L’azienda etiope combatte la plastica realizzando buste di carta riciclata, dando lavoro principalmente donne non udenti
Le plastiche arrivano ovunque. Anche in Antartide. E sono molte le persone che cercano di combattere l’abbandono indiscriminato nell’ambiente. Da Myra Stals che percorre l’Italia in bici per raccoglierla ad Edmund Platt e Fréderic Munsch che hanno percorso a piedi la strada da Marsiglia a Parigi per raccogliere mascherine monouso. Nessun posto al mondo – o quasi – è salvo. Neanche il continente africano. In Costa d’Avorio Unicef e Conceptos Plasticos la riciclano per trasformarla in mattoni con cui costruire le scuole. E poi c’è chi la combatte, come l’azienda etiope Teki paper bags. Un’azienda all’avanguardia dal punto di vista economico, ambientale e sociale. Alla Teki di Addis Abeba lavorano principalmente donne non udenti. 18 su 25 lavoratrici.
Teki significa sostituire. E queste donne intendono sostituire la plastica con la carta. Un’impresa faticosa, ma realizzabile. Ad oggi hanno già prodotto oltre un milione di sacchetti di carta riciclata a mano. L’azienda ha un ulteriore sopo sociale, ovvero creare un sistema salariale equo per tutti. L’azienda, inoltre, si muove su due direttrici. Quella espressamente imprenditoriale, che prevede la vendita dei sacchetti di carta alle grandi aziende. La seconda che prevede la distribuzione gratuita dei prodotti alle piccole imprese di donne. In tre anni hanno già distribuito 200mila sacchetti di carta gratuiti.

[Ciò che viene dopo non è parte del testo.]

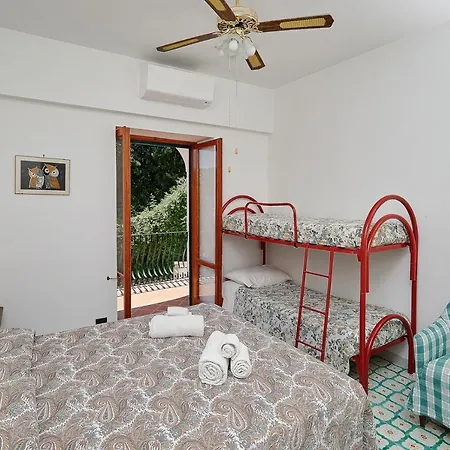Villetta Fenicia Κάπρι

Teki è un luogo non solo di inserimento lavorativo, ma anche sociale. Come ha raccontato la giovane Zenit al giornale Addis Standard. «Unirsi a Teki non è stata solo una semplice opportunità per trovare un lavoro, è stato il luogo in cui lei ha autostima e senso di appartenenza. Voglio continuare la mia istruzione e desidero che Teki si espanda e abbia più membri del personale non udenti».